A: Any number when interpreting the phrase “a patented invention” in Section 145 of the Patents Act, according to a recent Federal Court decision (MPEG LA, LLC v Regency Media Ltd [2014] FCA 180) …..
Section 145 and its earlier equivalents have lain like an unexploded bomb in Australian patents legislation since 1909, without a single reported decision of an Australian court interpreting the provisions. This is quite surprising in view of the dramatic consequences s.145 can have for both patent licensors and licensees.
Section 145 reads:
Termination of contract after patent ceases to be in force
(1) A contract relating to the lease of, or a licence to exploit, a patented invention may be terminated by either party, on giving 3 months’ notice in writing to the other party, at any time after the patent, or all the patents, by which the invention was protected at the time the contract was made, have ceased to be in force.
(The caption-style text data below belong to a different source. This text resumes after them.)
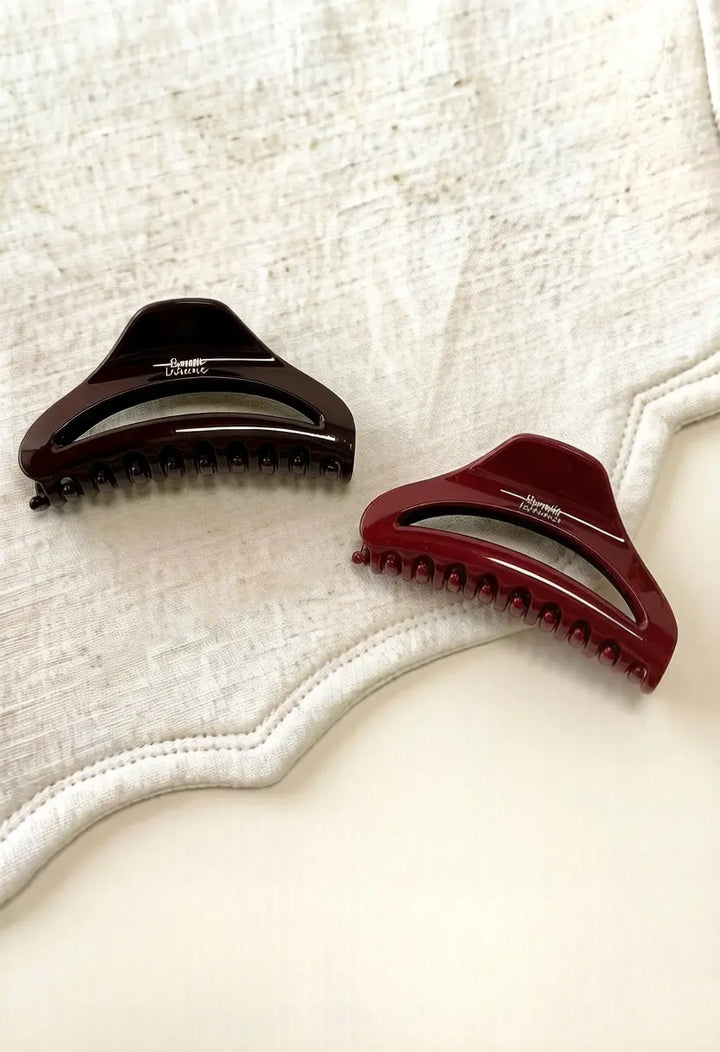 An image of a   Arched Cutout Hair Claw Large by  Mirra Masa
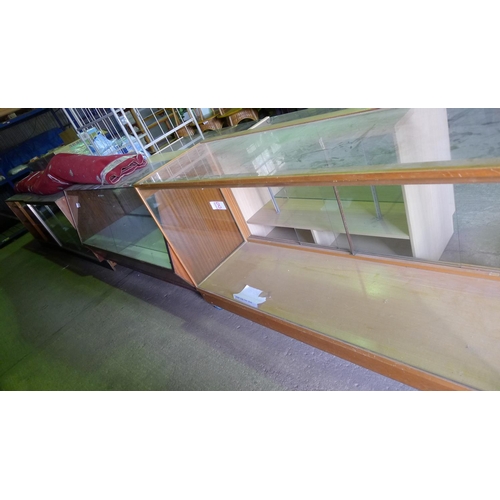 34 - 2 wide glass display cabinets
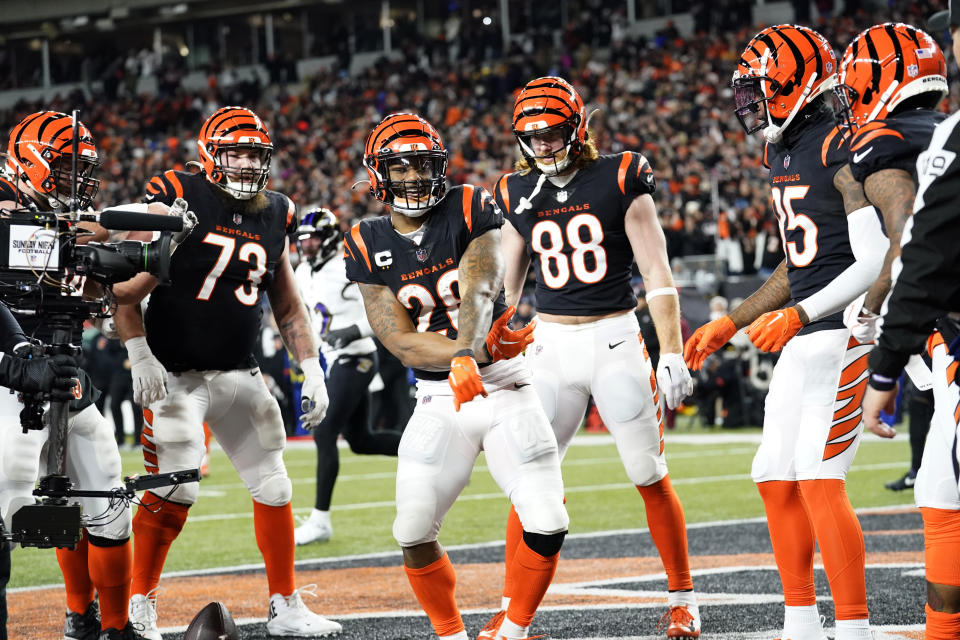 Cincinnati Bengals running back Joe Mixon (28) celebrates with teammates after a Bengals score in the first half of an NFL wild-card playoff football game against the Baltimore Ravens in Cincinnati, Sunday, Jan. 15, 2023. (AP Photo/Joshua A. Bickel)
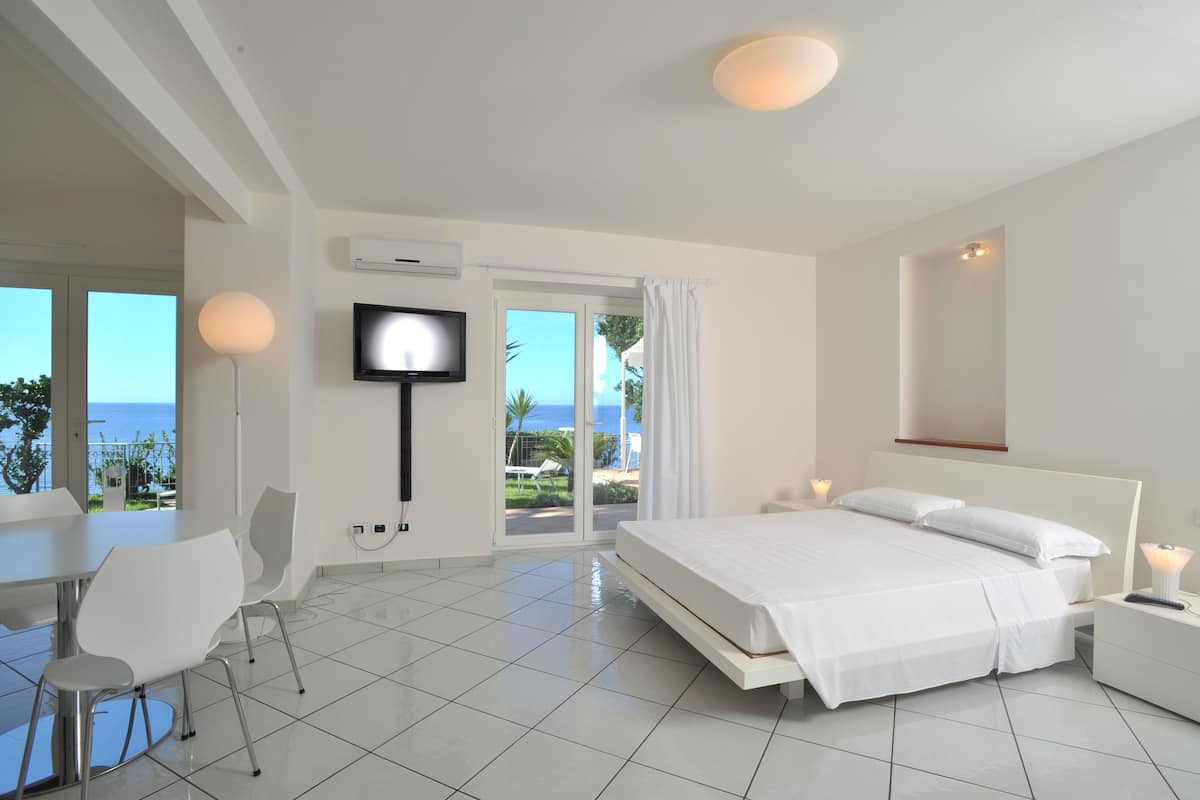 A modern hotel room with a bed, a TV, a dining area with chairs, and a view of the sea through large windows.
(2) Subsection (1) applies despite anything to the contrary in that contract or in any other contract.
Its purpose is clear; to prevent patentees obtaining a de facto extension of the patent term by requiring licensees to sign contracts which bind them to continued payment of royalties after the expiry of the patent.
What is not clear is why the patentee is also given the right to terminate the licence, and how s.145 is intended to operate when the licence to the expired patent is combined in a single agreement with other rights, including the right to exploit other Australian or foreign patents, or other forms of intellectual property. This was the situation before the court in the MPEG LA case.
The licence in question was for a “patent pool” of patents relating to the MPEG-2 Standard, which is the standard for the compression of raw digital video and audio data to allow it to be encoded and decoded for use on CD’s, DVD’s and for digital transmission. The licensor was the administrator of the patent pool, and the licence allowed the exploitation of “MPEG-2 Encoding Products” (in effect, digital recorders that comply with the MPEG-2 Standard), “MPEG-2 Packaged Medium” (e.g. CD’s and DVD’s) and “MPEG-2 Decoding Products” (anything that could play back MPEG-2 compliant digital data, such as Blu-ray players and set top boxes). Some products, such as PVRs, fell into all three categories. The licence was worldwide, and royalties were assessed on a global basis, making severance of obligations in relation to specific patents impossible.
The decision turned on the definition of “patented invention” in s.145. This expression is not defined in the Patents Act, although both “invention” and “patentable invention” are defined. The licensee contended that “patented invention” in s.145 must be interpreted consistently with other uses of “invention” in the Act, and therefore must mean something for which a patent could be granted. Accordingly, the subject matter of each licensed Australian patent was a separate “patented invention”, and on the expiry of each Australian patent, all of the patents by which that patented invention was protected at the date the licence was entered into expired. The licensee submitted that as a result, it was entitled to terminate the licence agreement when the first Australian patent expired. The difficulty with the licensee’s argument was that on this interpretation, the words “all of the patents” are redundant, except in the case of a patent for a combination, one component of which is itself the subject of a patent.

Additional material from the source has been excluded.